WORK REQUIRED:
Set down again, exactly and only, the lines from the one that contains "Pair of gold" through the last line of the records below, both included, but not the pictures.

DATA SHOWN:
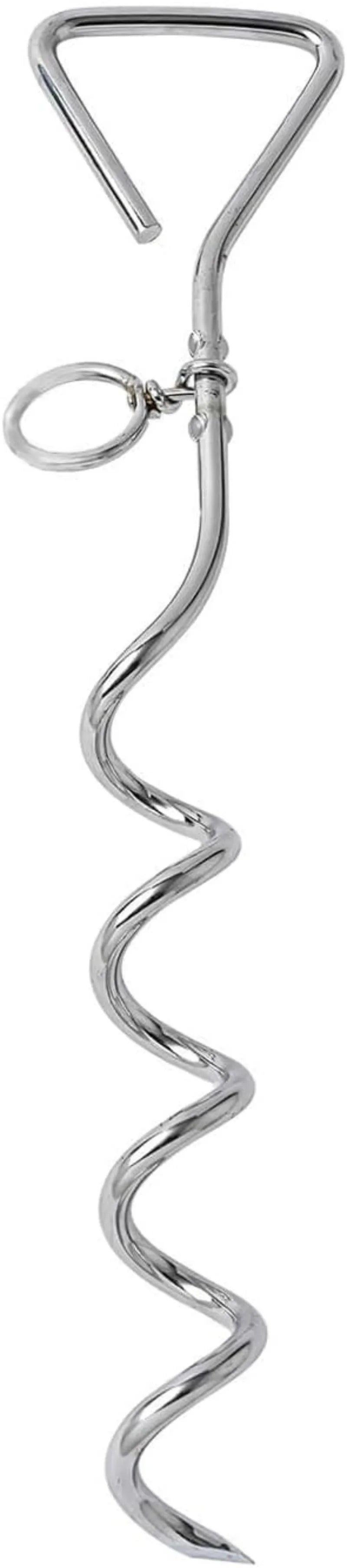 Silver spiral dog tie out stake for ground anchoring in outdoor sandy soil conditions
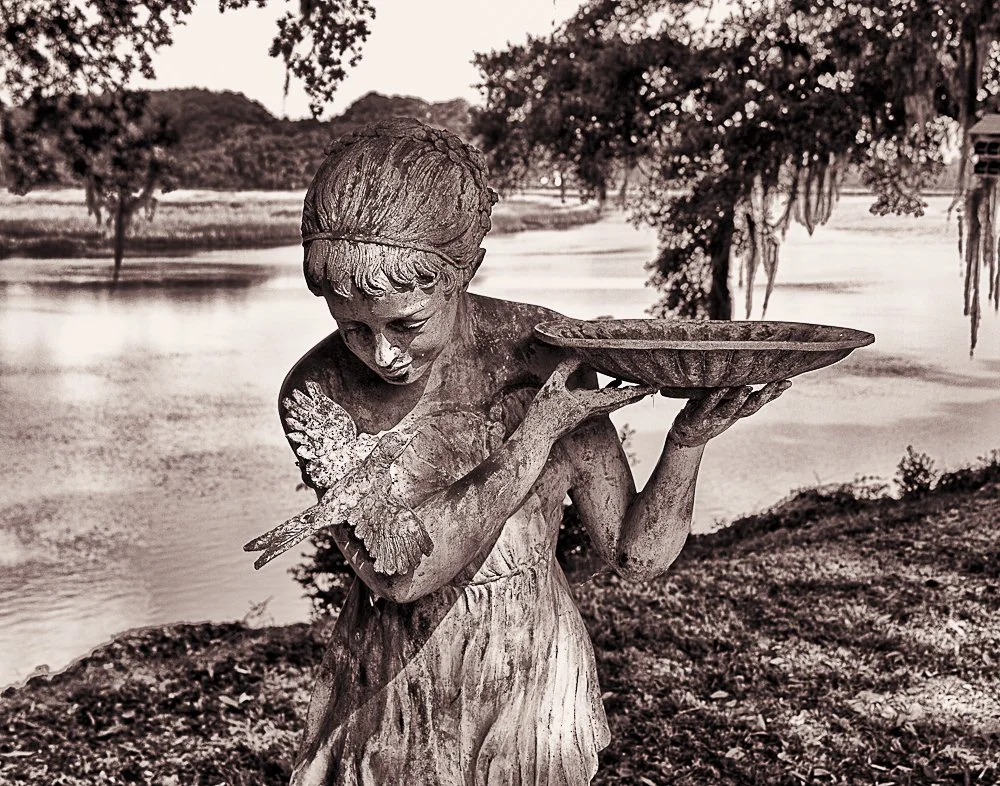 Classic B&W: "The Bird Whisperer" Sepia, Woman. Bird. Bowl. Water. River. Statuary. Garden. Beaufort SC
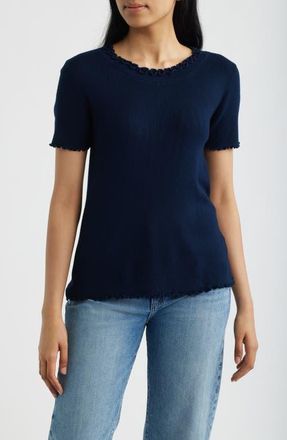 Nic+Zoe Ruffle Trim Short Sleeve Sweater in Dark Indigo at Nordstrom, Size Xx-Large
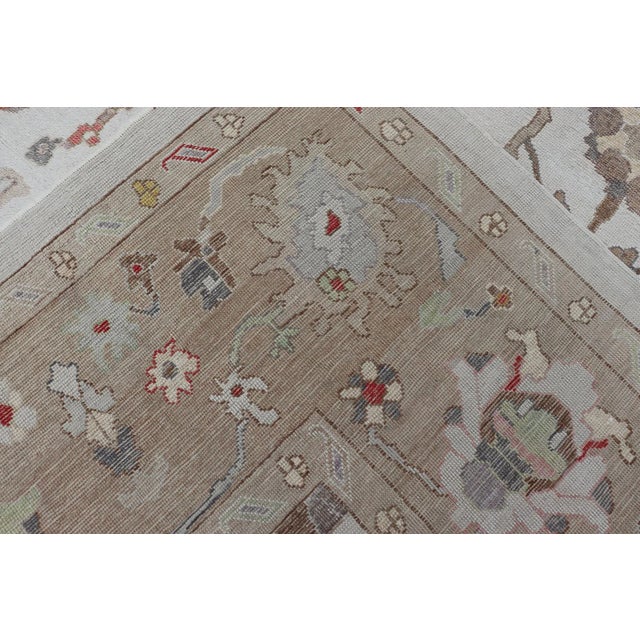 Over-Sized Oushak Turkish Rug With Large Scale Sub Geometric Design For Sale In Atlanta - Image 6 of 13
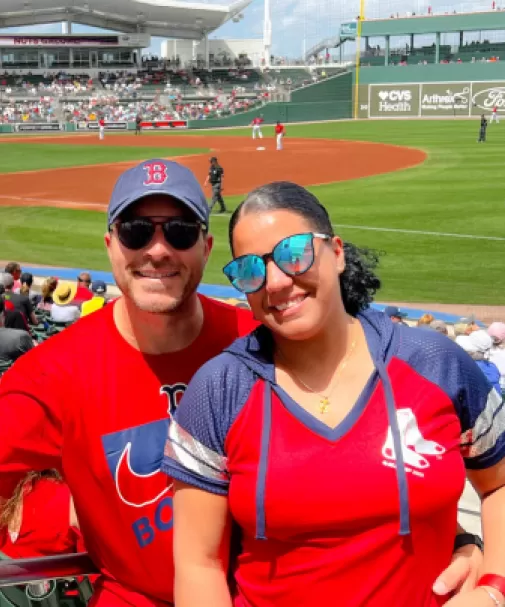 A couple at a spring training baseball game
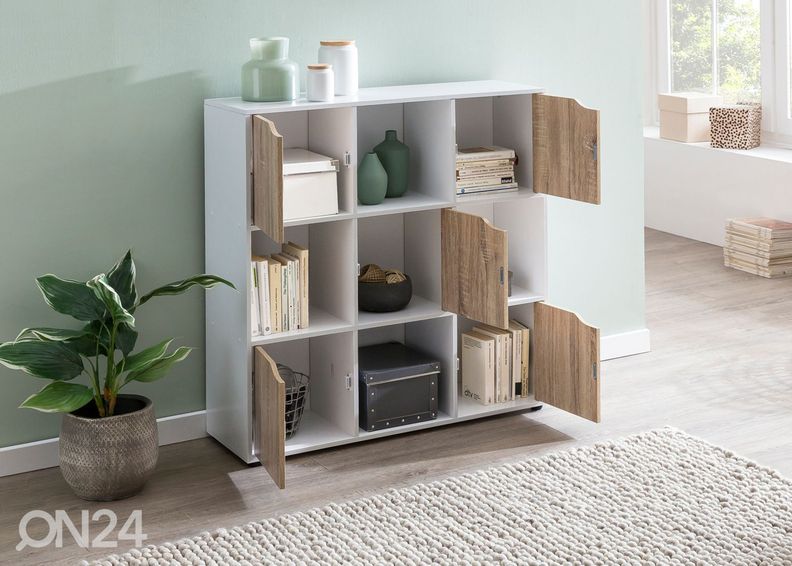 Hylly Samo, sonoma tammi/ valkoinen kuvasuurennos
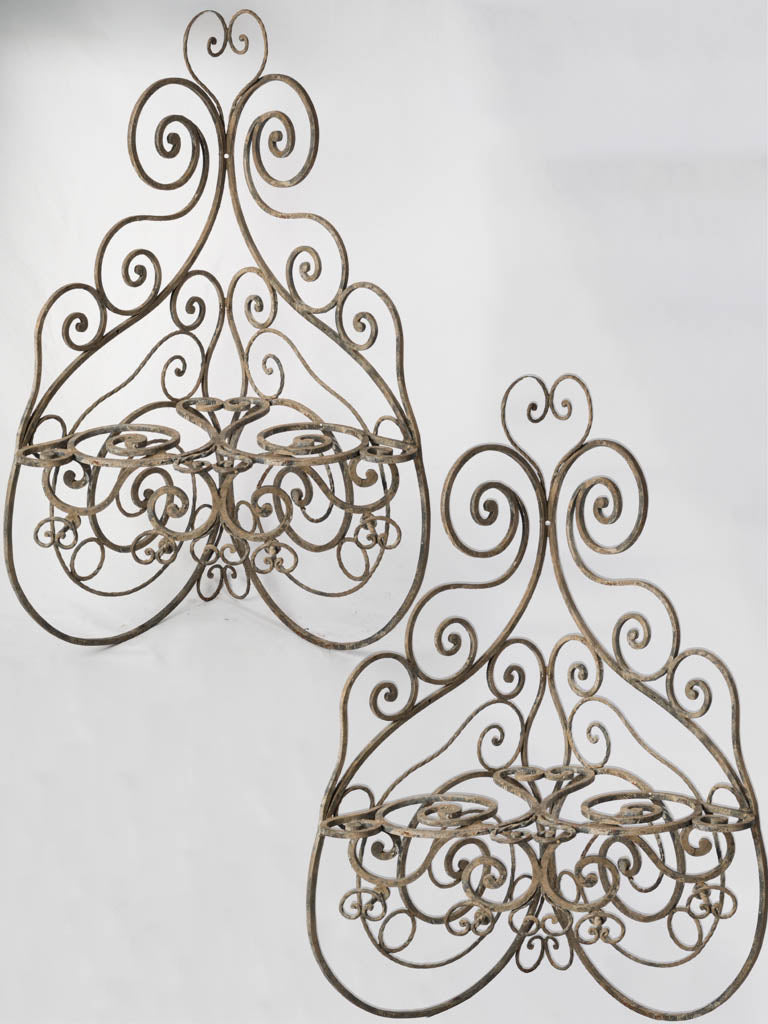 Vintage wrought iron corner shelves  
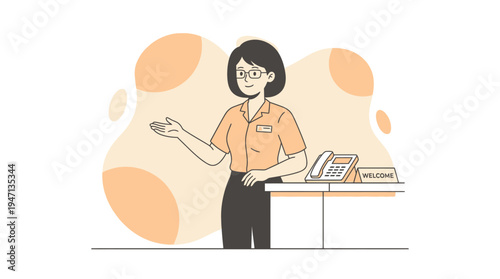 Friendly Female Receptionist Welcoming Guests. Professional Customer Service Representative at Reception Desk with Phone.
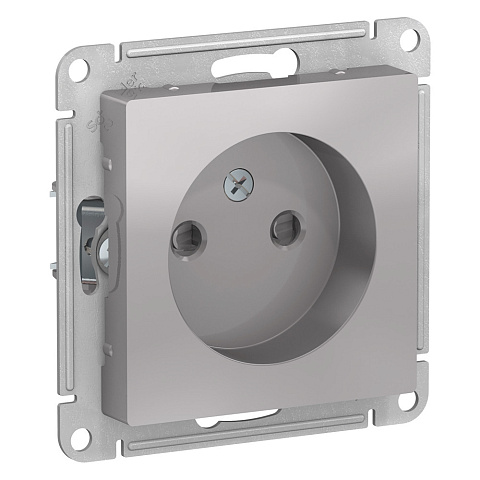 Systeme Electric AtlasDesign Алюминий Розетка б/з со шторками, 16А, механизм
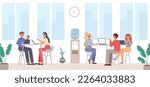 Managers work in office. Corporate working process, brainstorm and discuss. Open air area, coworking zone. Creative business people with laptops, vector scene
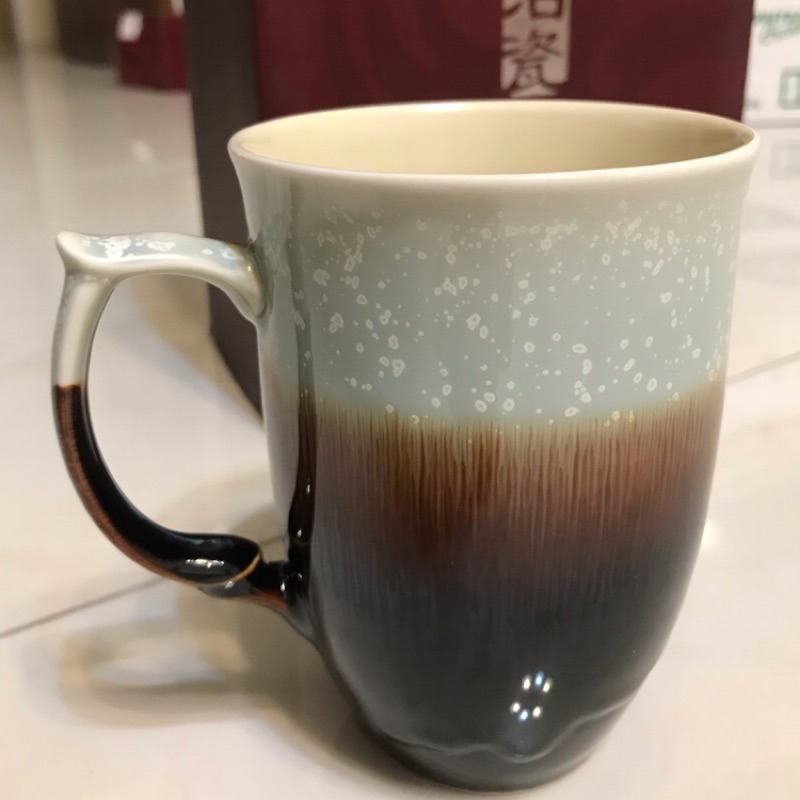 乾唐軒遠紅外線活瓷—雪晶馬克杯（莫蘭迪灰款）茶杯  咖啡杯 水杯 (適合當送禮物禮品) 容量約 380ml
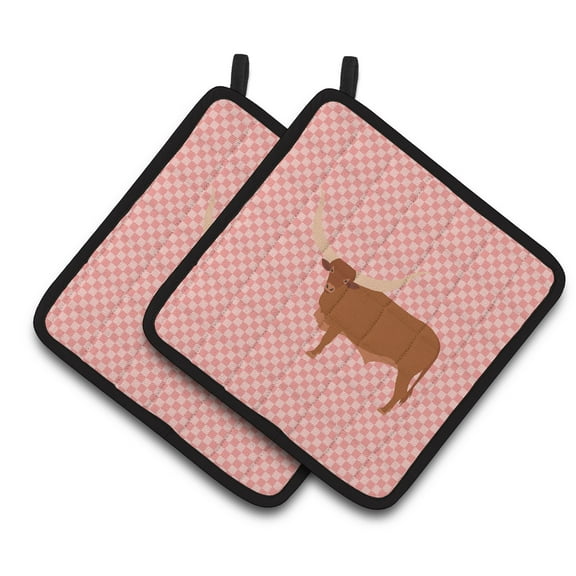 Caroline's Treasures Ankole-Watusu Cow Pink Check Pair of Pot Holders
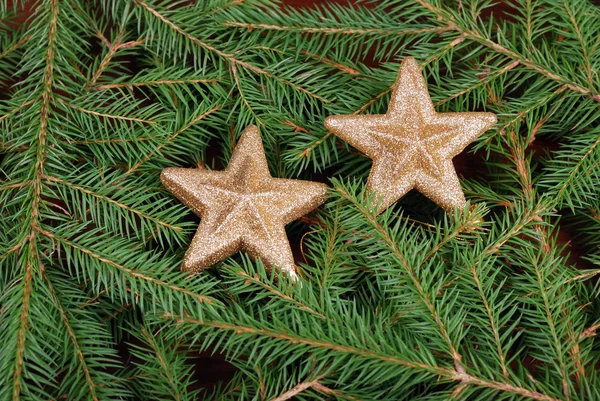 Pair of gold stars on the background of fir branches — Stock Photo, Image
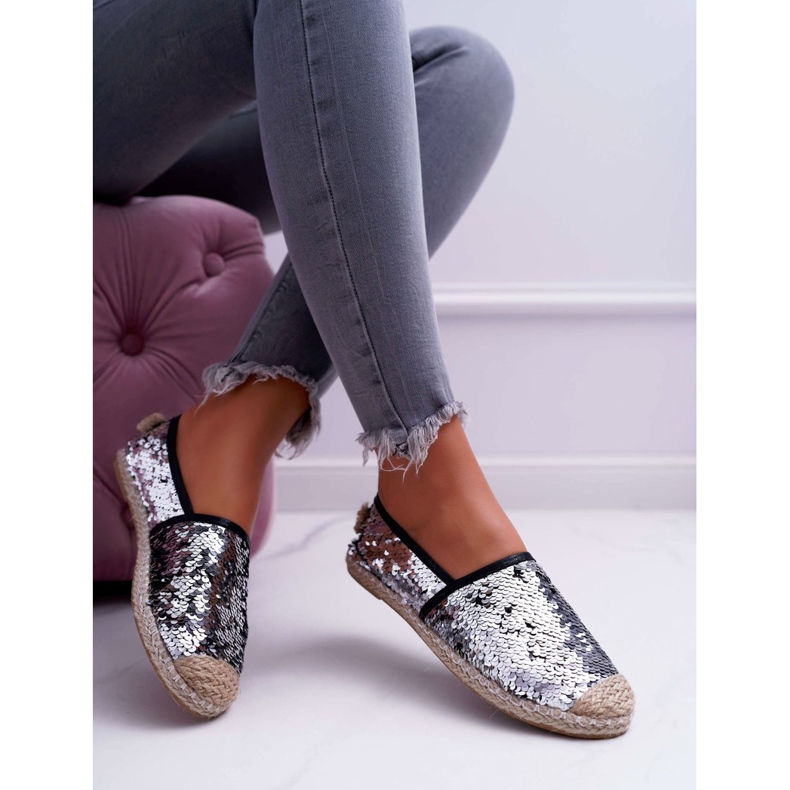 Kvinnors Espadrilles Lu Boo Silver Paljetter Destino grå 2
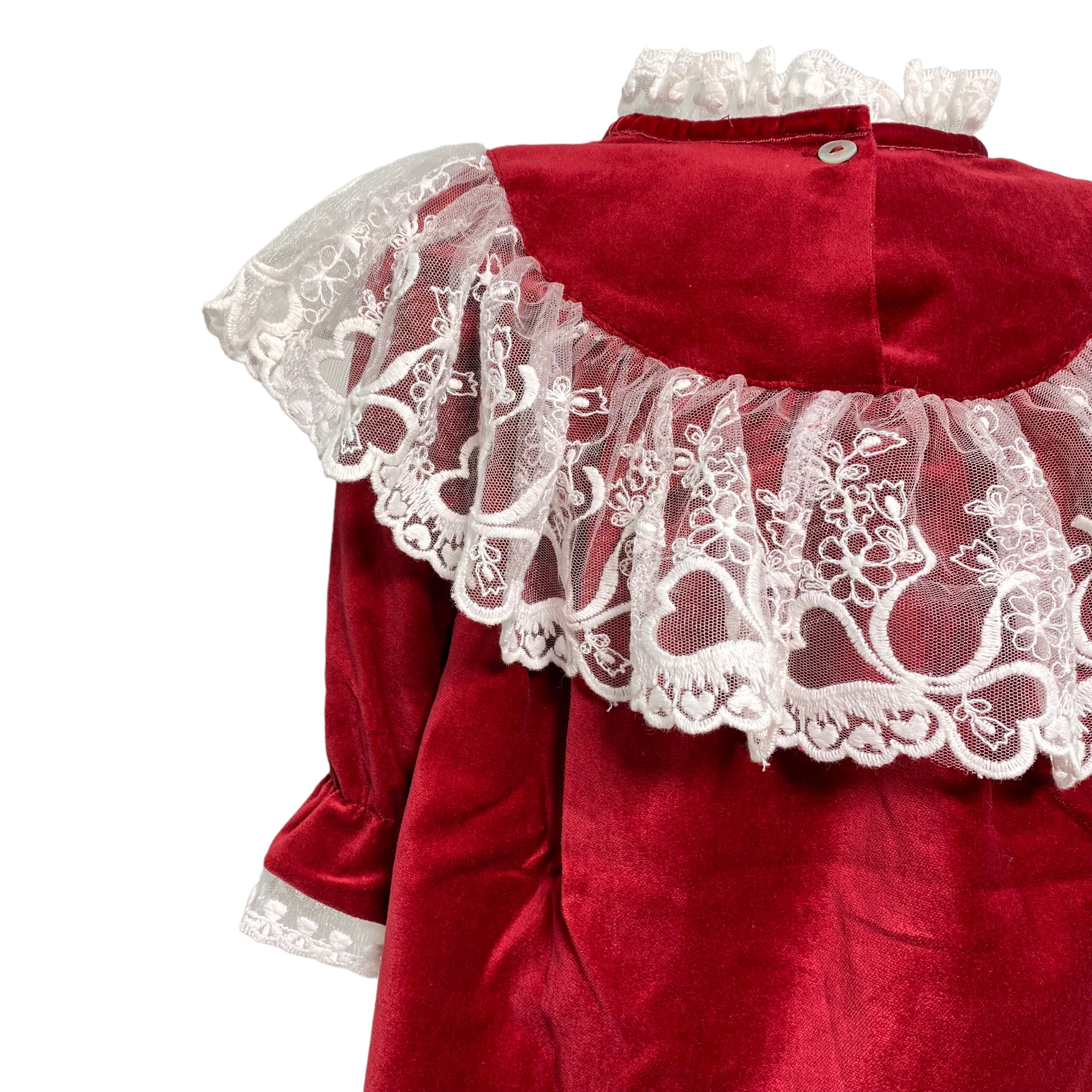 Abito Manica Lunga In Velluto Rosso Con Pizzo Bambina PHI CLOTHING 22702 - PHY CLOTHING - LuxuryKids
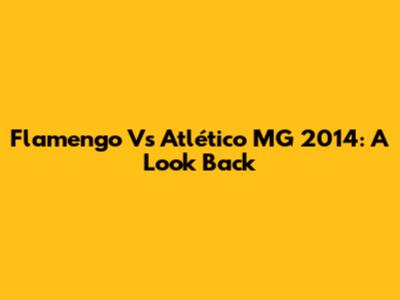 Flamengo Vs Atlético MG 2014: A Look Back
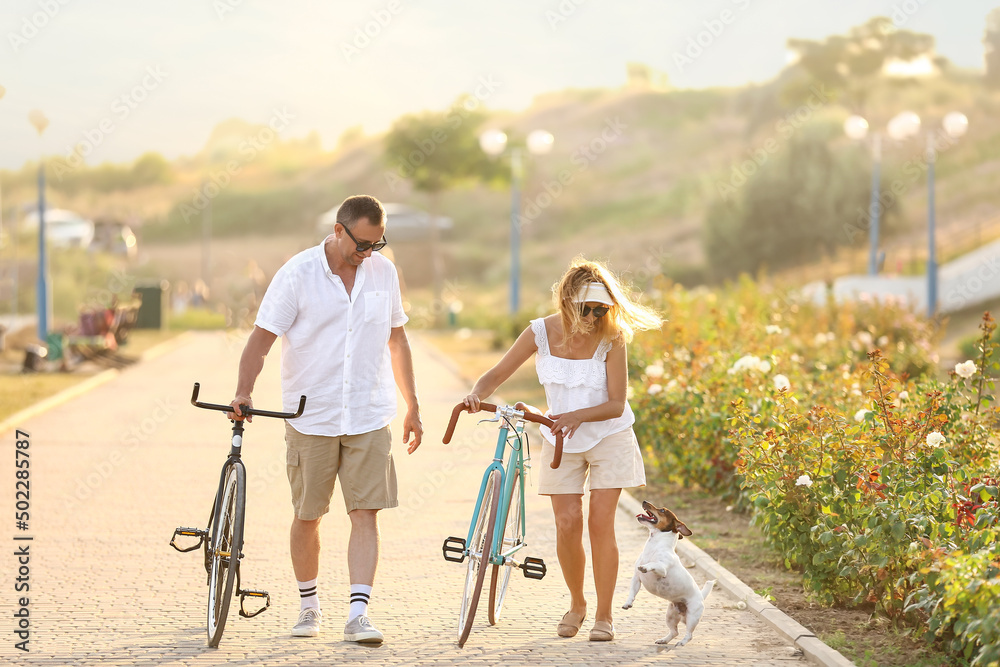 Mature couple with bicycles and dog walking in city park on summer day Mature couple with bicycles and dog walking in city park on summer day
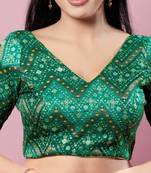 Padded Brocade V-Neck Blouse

ANSWER SECTION:
 Pair of gold stars on the background of fir branches — Stock Photo, Image
 Kvinnors Espadrilles Lu Boo Silver Paljetter Destino grå 2
 Abito Manica Lunga In Velluto Rosso Con Pizzo Bambina PHI CLOTHING 22702 - PHY CLOTHING - LuxuryKids
 Flamengo Vs Atlético MG 2014: A Look Back
 Mature couple with bicycles and dog walking in city park on summer day Mature couple with bicycles and dog walking in city park on summer day
 Padded Brocade V-Neck Blouse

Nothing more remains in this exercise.